(Collected data entries)
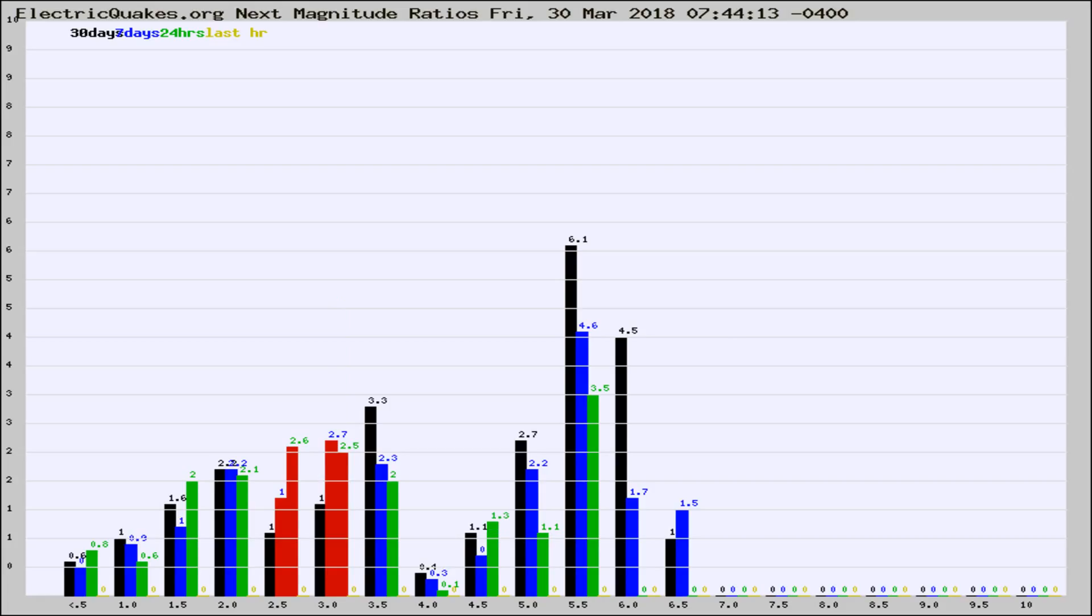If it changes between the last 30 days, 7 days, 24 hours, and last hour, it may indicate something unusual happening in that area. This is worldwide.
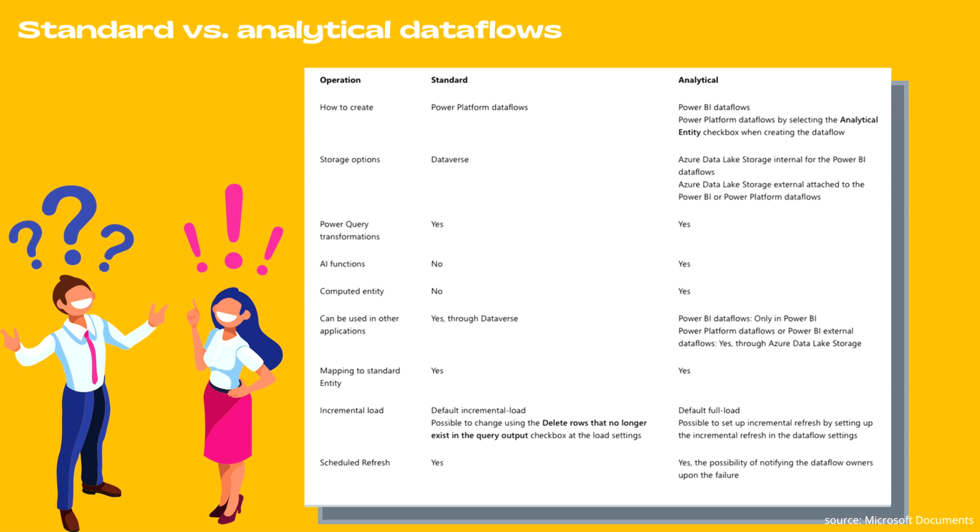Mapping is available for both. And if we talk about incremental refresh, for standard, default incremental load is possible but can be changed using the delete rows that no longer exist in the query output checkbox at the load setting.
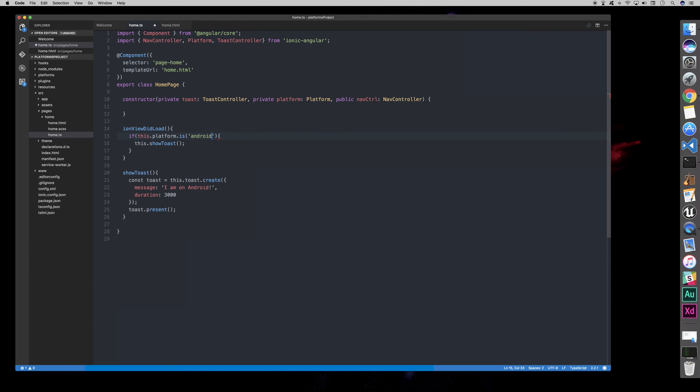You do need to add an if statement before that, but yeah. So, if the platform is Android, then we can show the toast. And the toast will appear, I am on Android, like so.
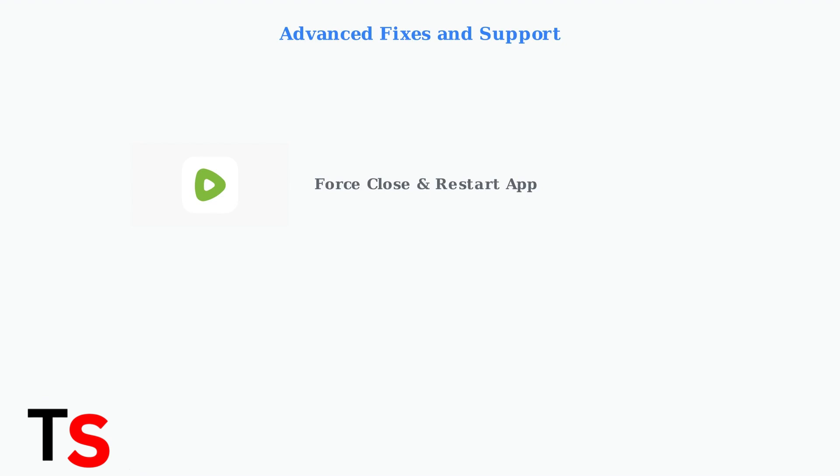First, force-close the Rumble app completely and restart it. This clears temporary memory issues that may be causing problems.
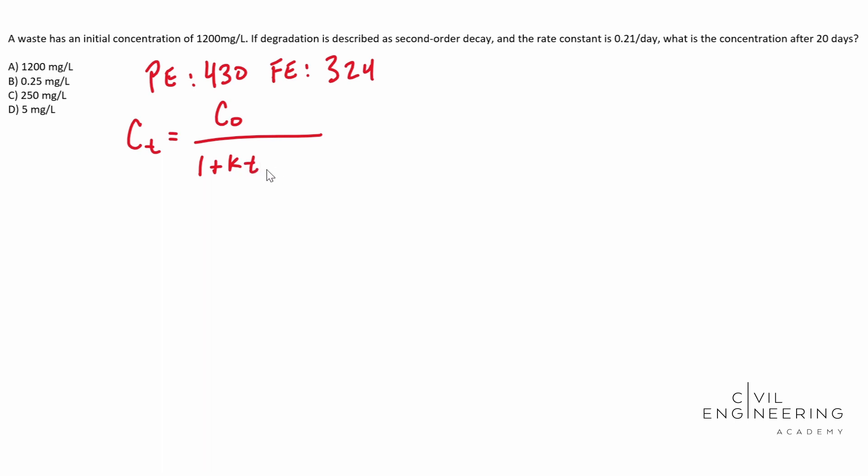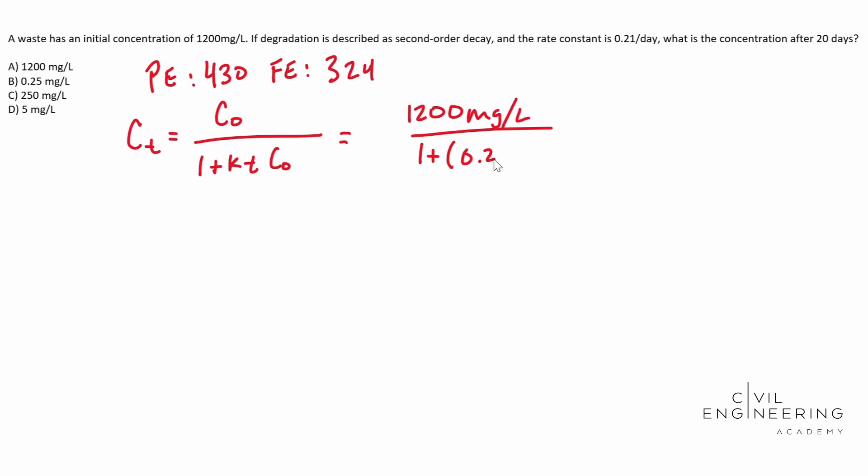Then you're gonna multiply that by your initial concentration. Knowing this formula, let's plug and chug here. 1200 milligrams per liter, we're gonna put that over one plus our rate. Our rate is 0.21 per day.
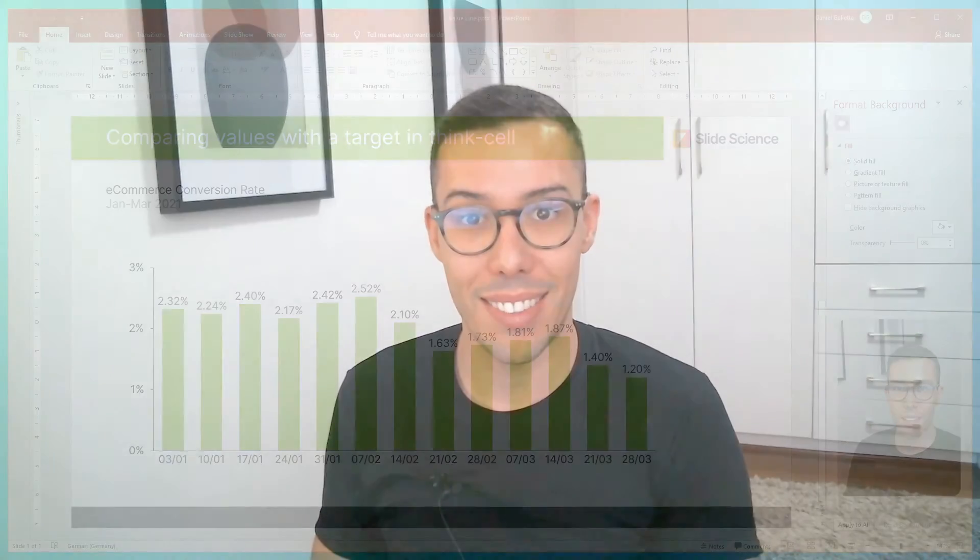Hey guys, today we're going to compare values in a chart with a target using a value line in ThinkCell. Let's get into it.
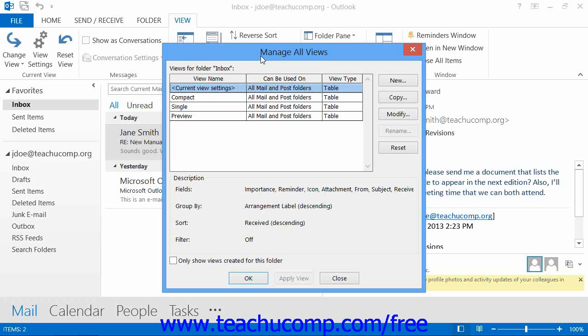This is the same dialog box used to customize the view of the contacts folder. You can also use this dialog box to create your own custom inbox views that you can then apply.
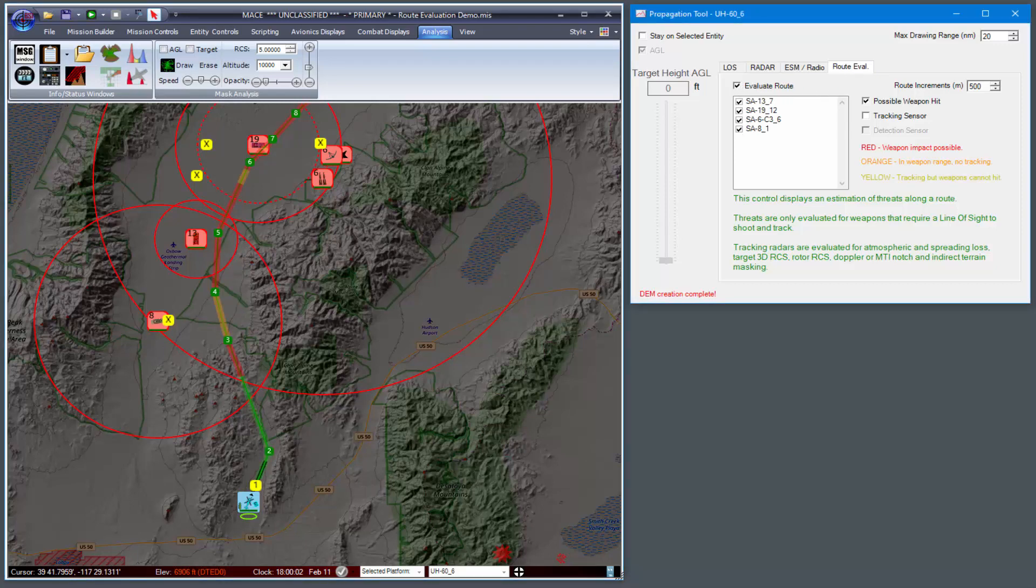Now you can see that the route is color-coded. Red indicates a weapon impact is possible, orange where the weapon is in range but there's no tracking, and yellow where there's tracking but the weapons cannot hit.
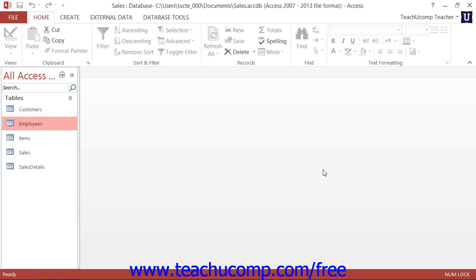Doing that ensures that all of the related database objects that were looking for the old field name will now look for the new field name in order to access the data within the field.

About this exercise:
All of the data is to be reproduced exactly, with the pictures left out.

Answer below:
If it changes between the last 30 days, 7 days, 24 hours, and last hour, it may indicate something unusual happening in that area. This is worldwide.
Mapping is available for both. And if we talk about incremental refresh, for standard, default incremental load is possible but can be changed using the delete rows that no longer exist in the query output checkbox at the load setting.
You do need to add an if statement before that, but yeah. So, if the platform is Android, then we can show the toast. And the toast will appear, I am on Android, like so.
First, force-close the Rumble app completely and restart it. This clears temporary memory issues that may be causing problems.
Then you're gonna multiply that by your initial concentration. Knowing this formula, let's plug and chug here. 1200 milligrams per liter, we're gonna put that over one plus our rate. Our rate is 0.21 per day.
Hey guys, today we're going to compare values in a chart with a target using a value line in ThinkCell. Let's get into it.
This is the same dialog box used to customize the view of the contacts folder. You can also use this dialog box to create your own custom inbox views that you can then apply.
Now you can see that the route is color-coded. Red indicates a weapon impact is possible, orange where the weapon is in range but there's no tracking, and yellow where there's tracking but the weapons cannot hit.
Doing that ensures that all of the related database objects that were looking for the old field name will now look for the new field name in order to access the data within the field.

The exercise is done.